[Opening Extracted records section]

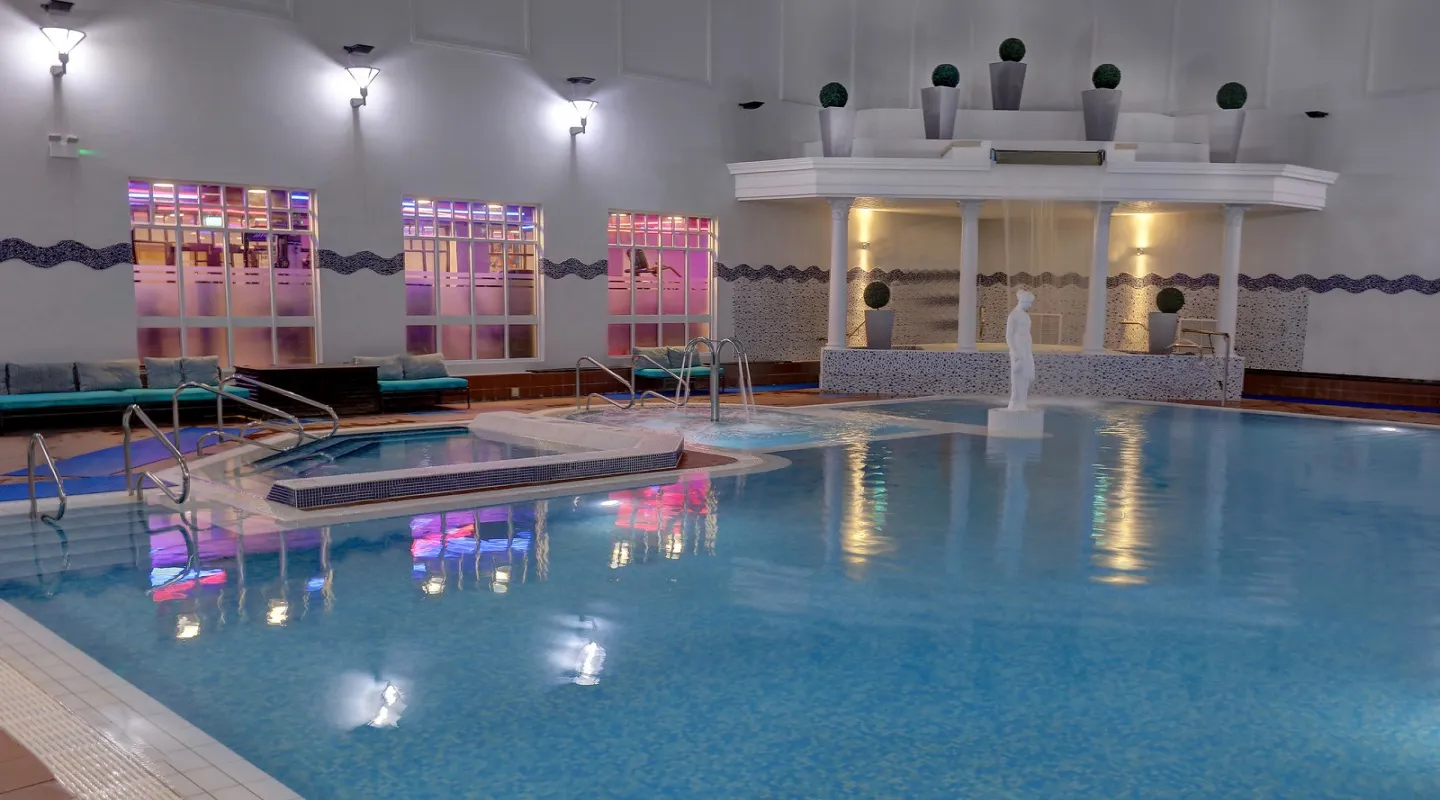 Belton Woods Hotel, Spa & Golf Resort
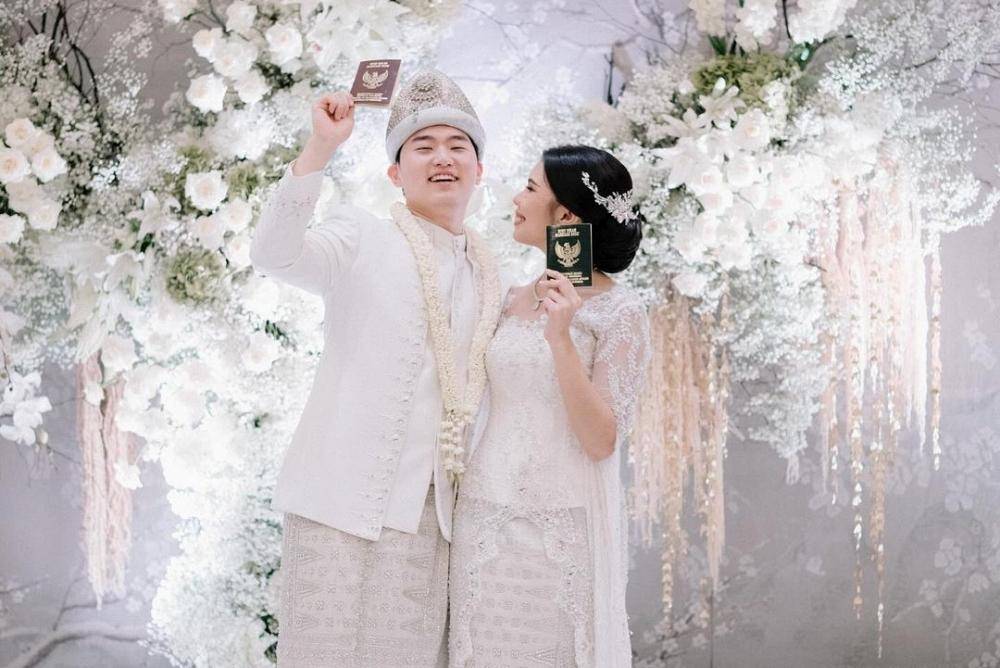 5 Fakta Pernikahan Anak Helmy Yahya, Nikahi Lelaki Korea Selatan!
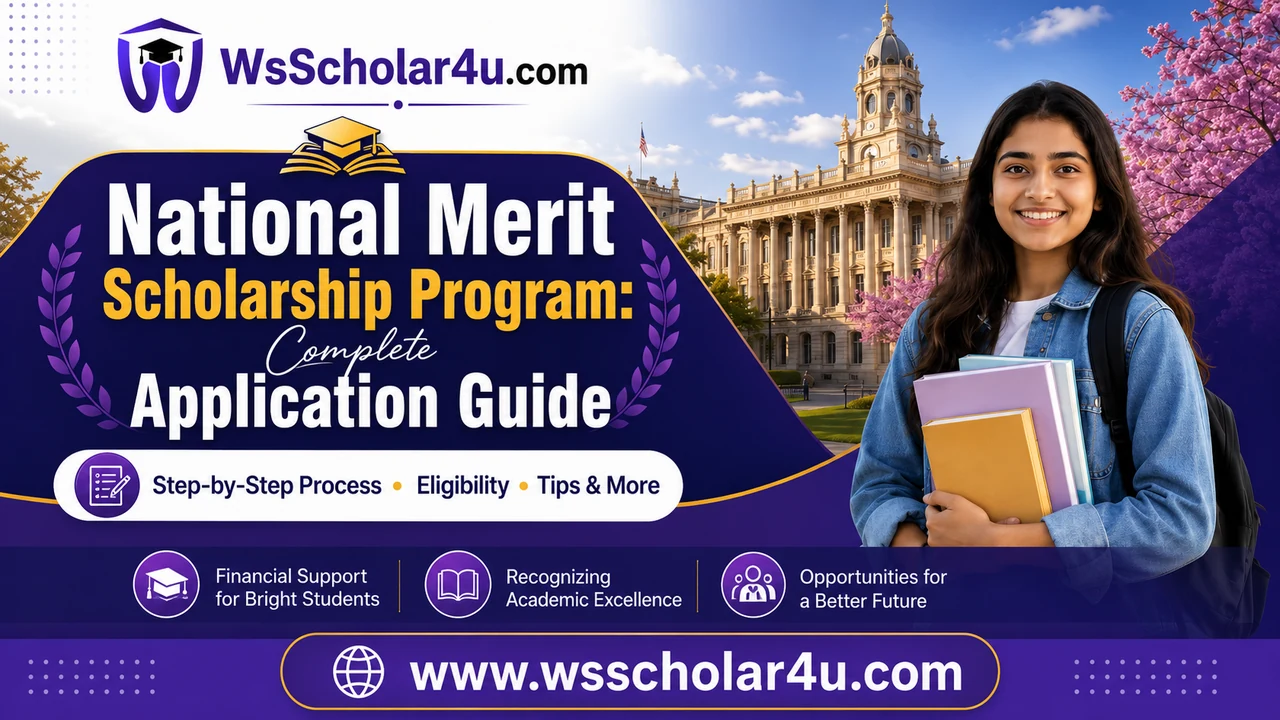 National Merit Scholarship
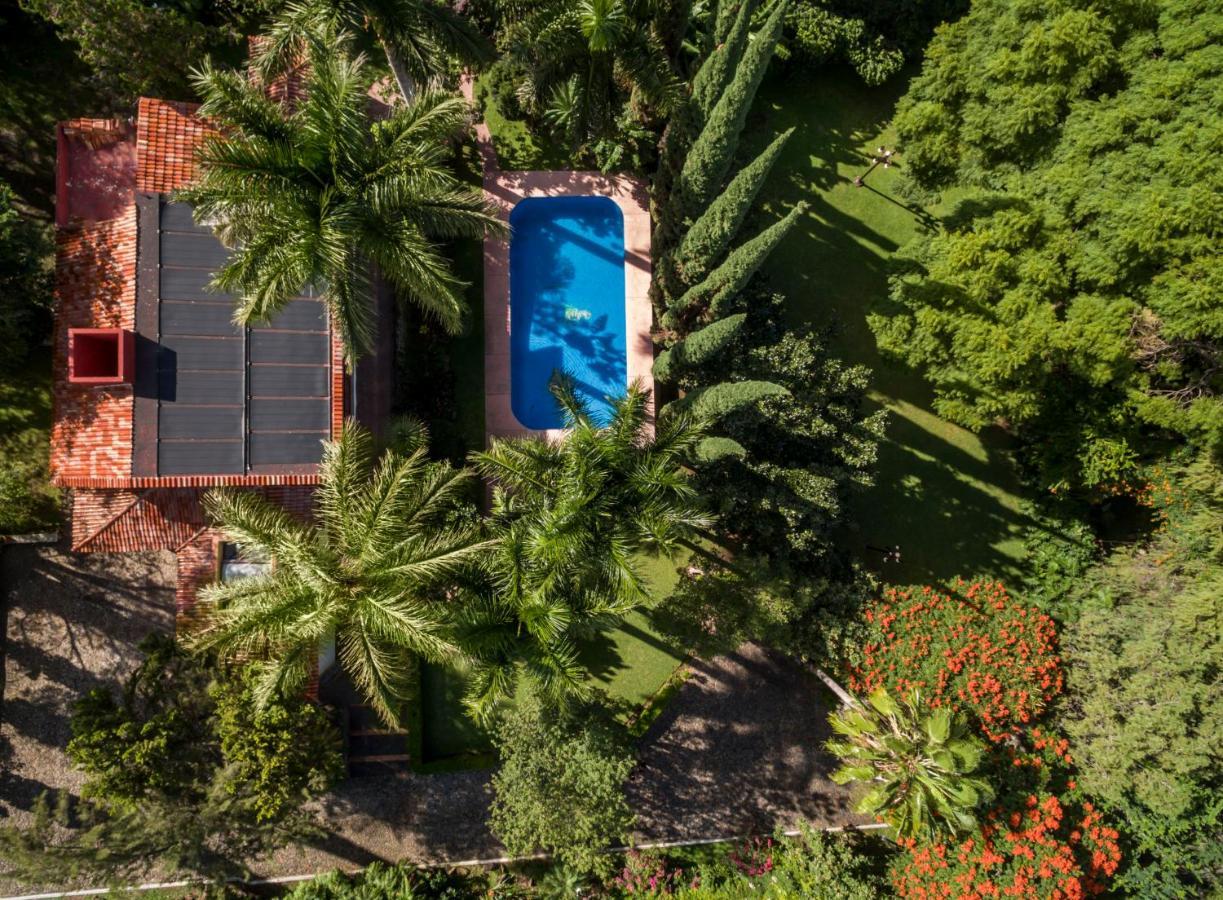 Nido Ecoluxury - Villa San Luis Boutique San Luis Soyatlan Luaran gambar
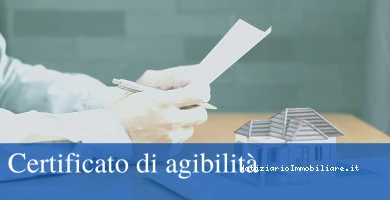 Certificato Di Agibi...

[Closing Extracted records section]

→ The problem:
Aside from the pictures, copy all of the entries exactly.

→ Solution for this problem:
 Belton Woods Hotel, Spa & Golf Resort
 5 Fakta Pernikahan Anak Helmy Yahya, Nikahi Lelaki Korea Selatan!
 National Merit Scholarship
 Nido Ecoluxury - Villa San Luis Boutique San Luis Soyatlan Luaran gambar
 Certificato Di Agibi...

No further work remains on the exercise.